- [Exercise instructions]
Take the line that contains "Photo 9 of Leeuweriklaan 2" and each line after it to the end of the data below, and set them down exactly, omitting pictures.

- [Dataset extract]
Segment Open

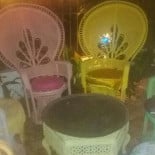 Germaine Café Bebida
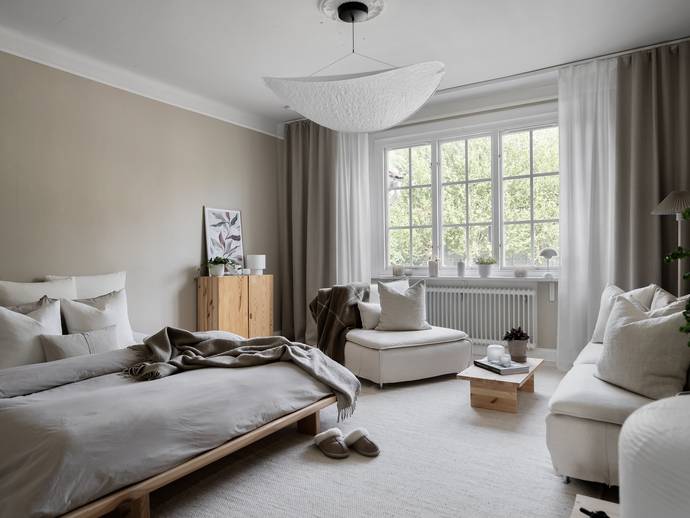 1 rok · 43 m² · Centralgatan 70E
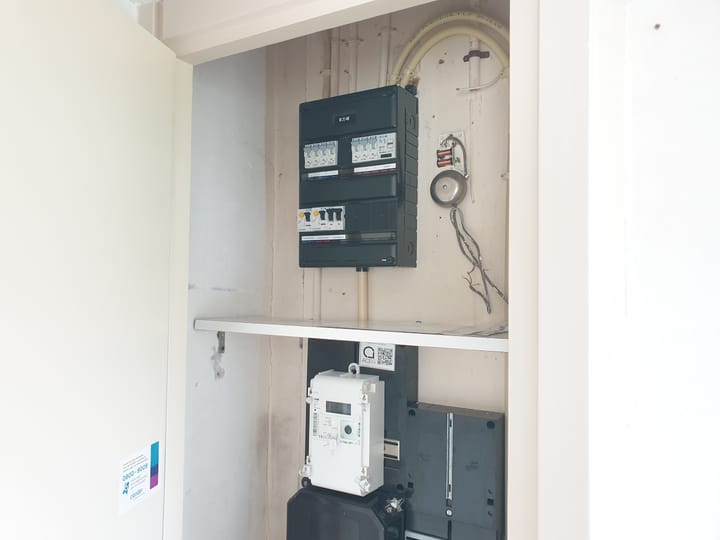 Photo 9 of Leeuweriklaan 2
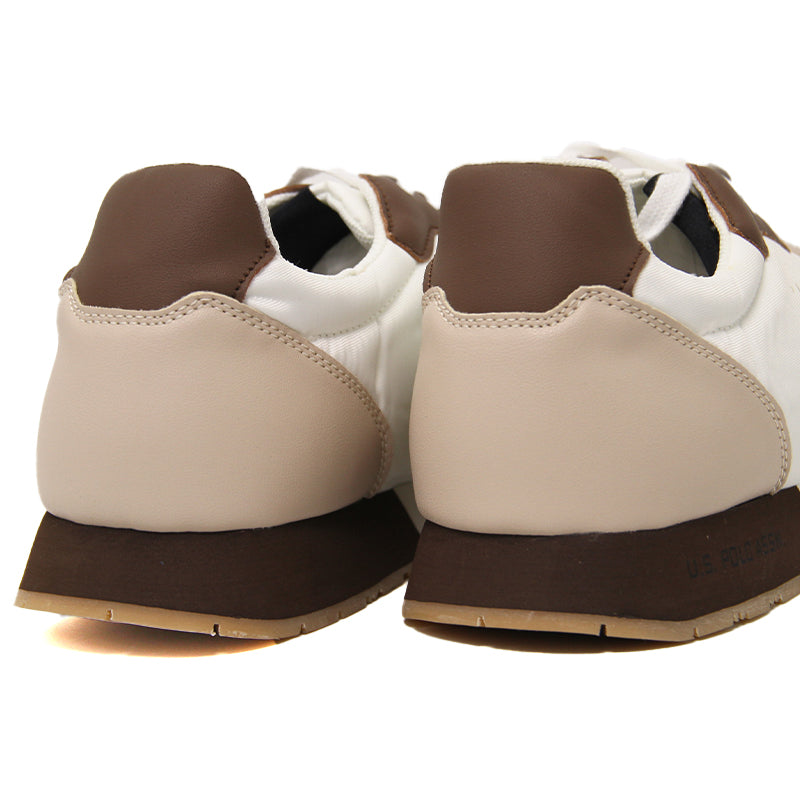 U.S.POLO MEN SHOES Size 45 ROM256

Segment Closed

- [Answer to this problem]
 Photo 9 of Leeuweriklaan 2
 U.S.POLO MEN SHOES Size 45 ROM256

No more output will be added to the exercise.